>>>

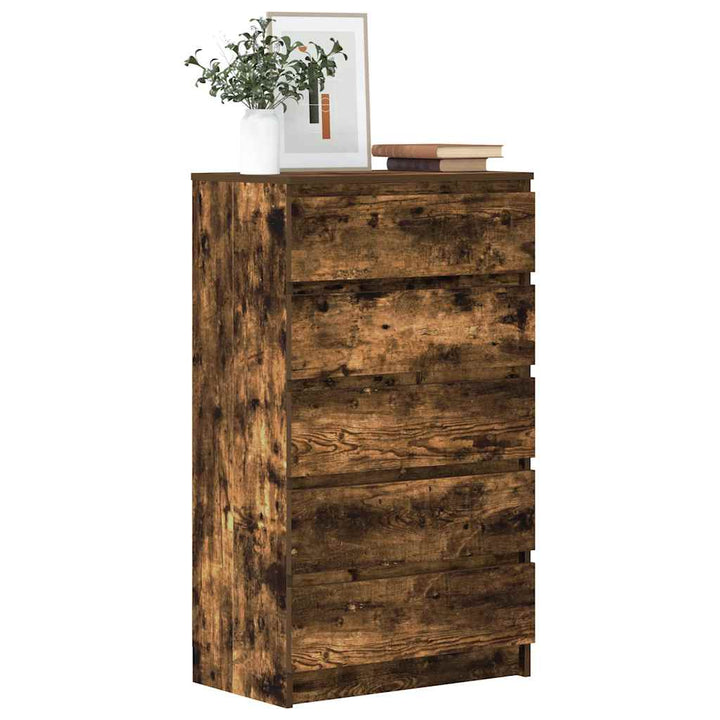 kommode 60x36x103 cm konstrueret træ røget egetræsfarve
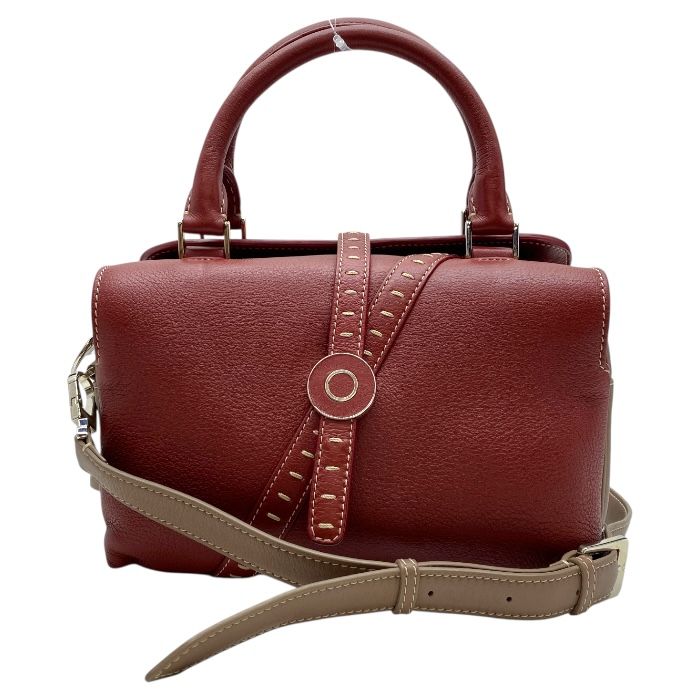 美品ロロピアーナ バッグ赤 ロロ・ピアーナ25年春夏“パドロック付き”レザーバックパック、ドロー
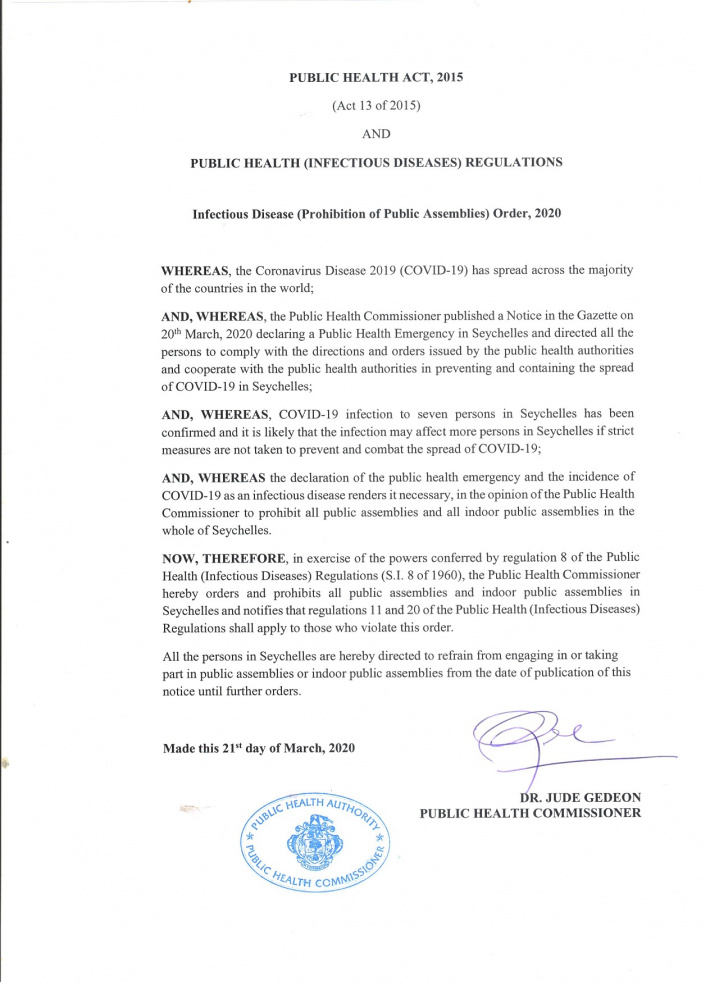 COVID-19 - No public and indoor assemblies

<<<

**To do**
None of the pictures belong in the copy; transcribe the rest of the data exactly.

**Answer below**
 kommode 60x36x103 cm konstrueret træ røget egetræsfarve
 美品ロロピアーナ バッグ赤 ロロ・ピアーナ25年春夏“パドロック付き”レザーバックパック、ドロー
 COVID-19 - No public and indoor assemblies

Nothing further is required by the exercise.